This entry is part 5 of 20 in the series DozenQ

The Lone Groover is Brian Caulfield – a one-man-and-a-guitar outfit who channels his love of folk, punk, and Americana into classic songs of beauty and passion. EYEPLUG caught up with him to hurl some questions his way:

01 How did you get started?

After being in a number of hard working bands over the years, the last one folding in 2009, I felt it was time to go it alone. This was partly out of necessity, because it becomes increasingly difficult for older geezers to get a (decent) band together, and the thought of going through the whole audition process filled me with dread. Also, as a relatively new dad it’s meant I can rehearse at home in between nappy changes. Initially, I wasn’t sure about going solo but after each gig I just became more confident with the reaction I was getting and realised that this was the way forward for me.
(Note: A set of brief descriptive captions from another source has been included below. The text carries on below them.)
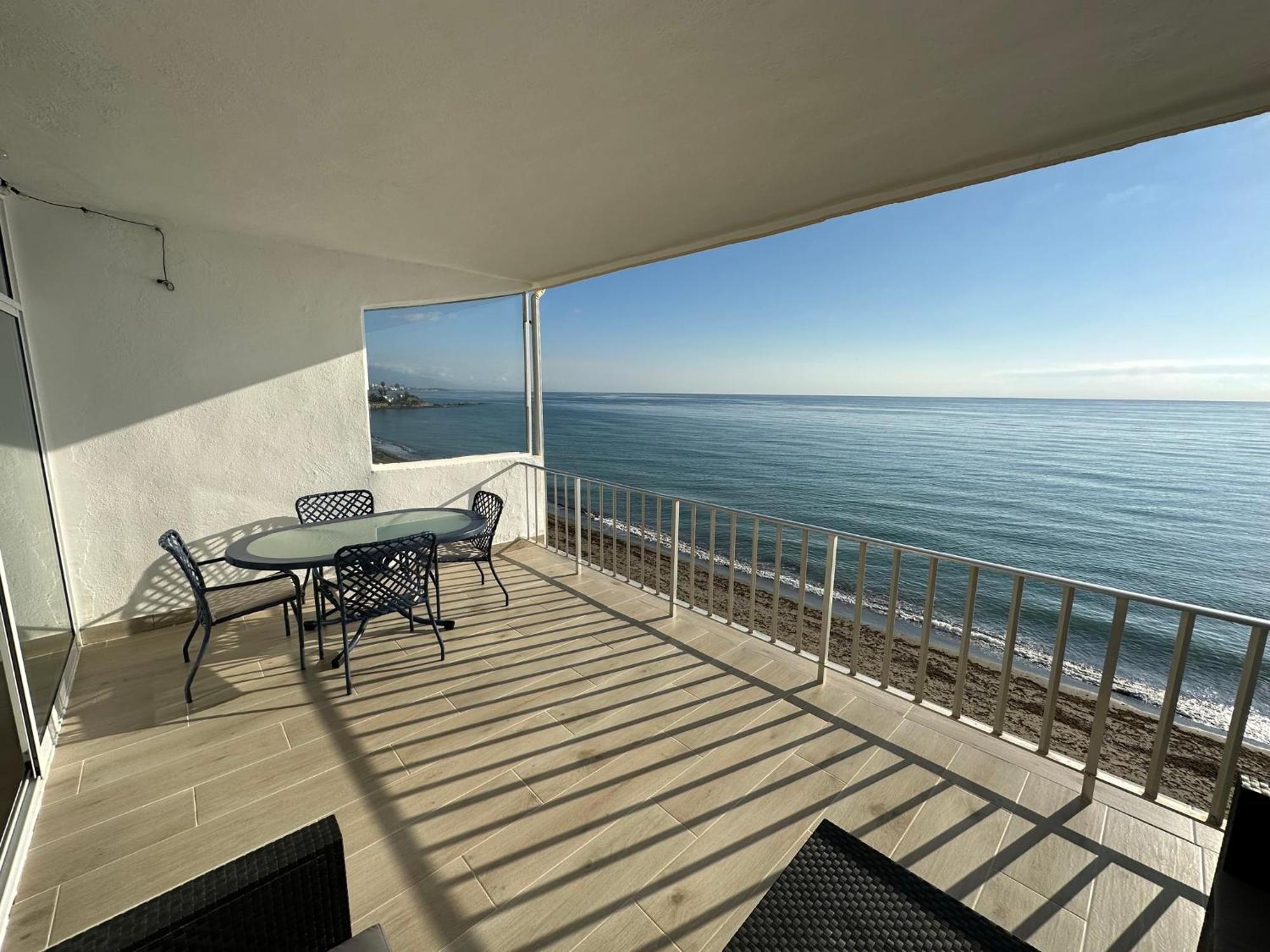 Апартаменты Beachfront, Top Floor Corner 2-Bed, Estepona Paseo Экстерьер фото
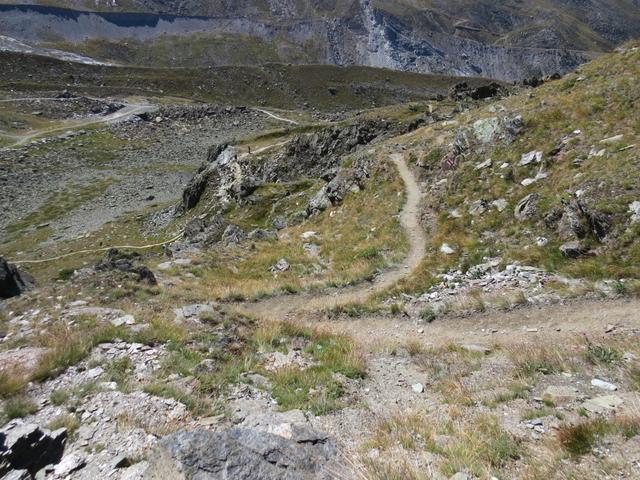 der Weg führt bei Gerber 2675 m.ü.M., geschickt durch einige Fels- und Schrofenzonen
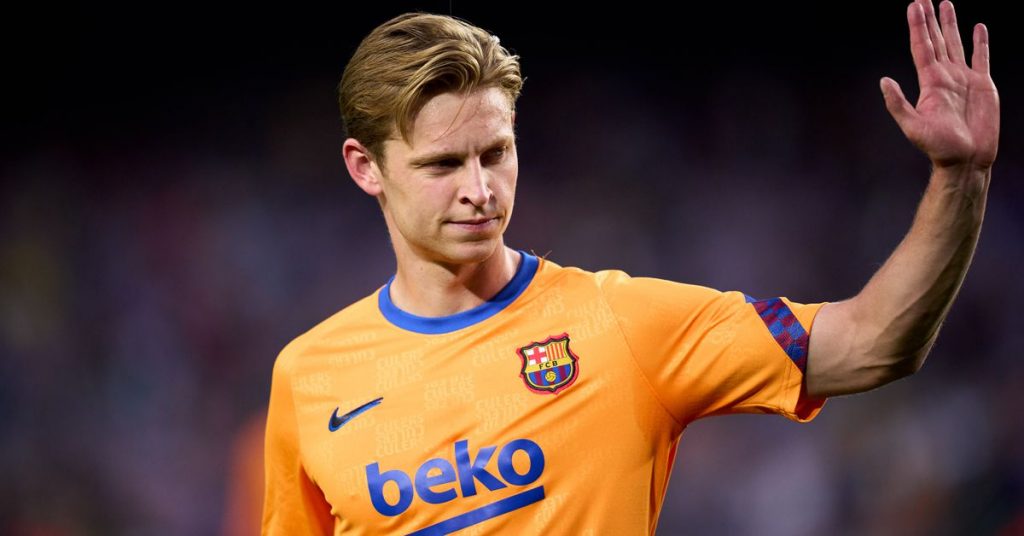 Frenkie de Jong linked with Manchester United move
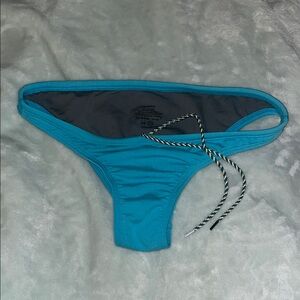 Jolyn size medium Hawaii blue Women's Swim Bottom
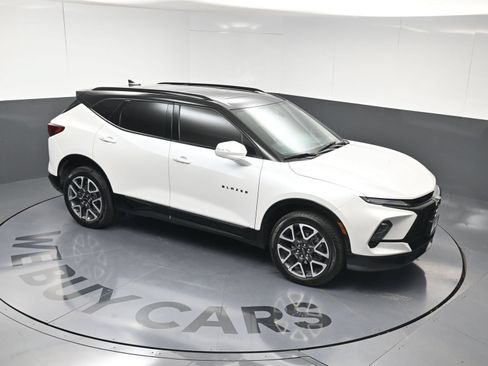 Used 2024 Chevrolet Blazer RS w/ Driver Confidence II Package FWD image 32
02 Where did your name come from?
I appropriated it from a cartoon strip that used to be in the NME in the late 70’s. I’ve never hid the fact that I got it from somewhere else. I’ve taken it as a loving tribute to a great, intelligent, funny cartoon strip about the music biz, and a wonderful period in time. It’s very nostalgic for me – I give out copies of the original strips at gigs – Tony Benyon (who created The Lone Groover) was the man. I’ve become something of an authority on both Lone Groovers.

03 Who are your major influences and inspirations and who do you despise?

I have a lot of influences musical and otherwise, but as I’ve said many times – ‘I wanna walk like The Clash and sound like Bob Dylan’. I no longer have the energy to despise, though there’s always a few who get the blood if not boiling, then lukewarm.

04 What drives you to make music?

I love to write – it’s something I’m pretty good at.  There’s always something (an emotion, a phrase you hear, a topical story, a conversation etc) that starts the ball rolling and is worth putting down on paper, though I understand that not every idea or song is a good one, so quality control is important too. I also love to play live, a good gig is a great thing whether as a performer or a punter – that’s what it’s all about in some respect.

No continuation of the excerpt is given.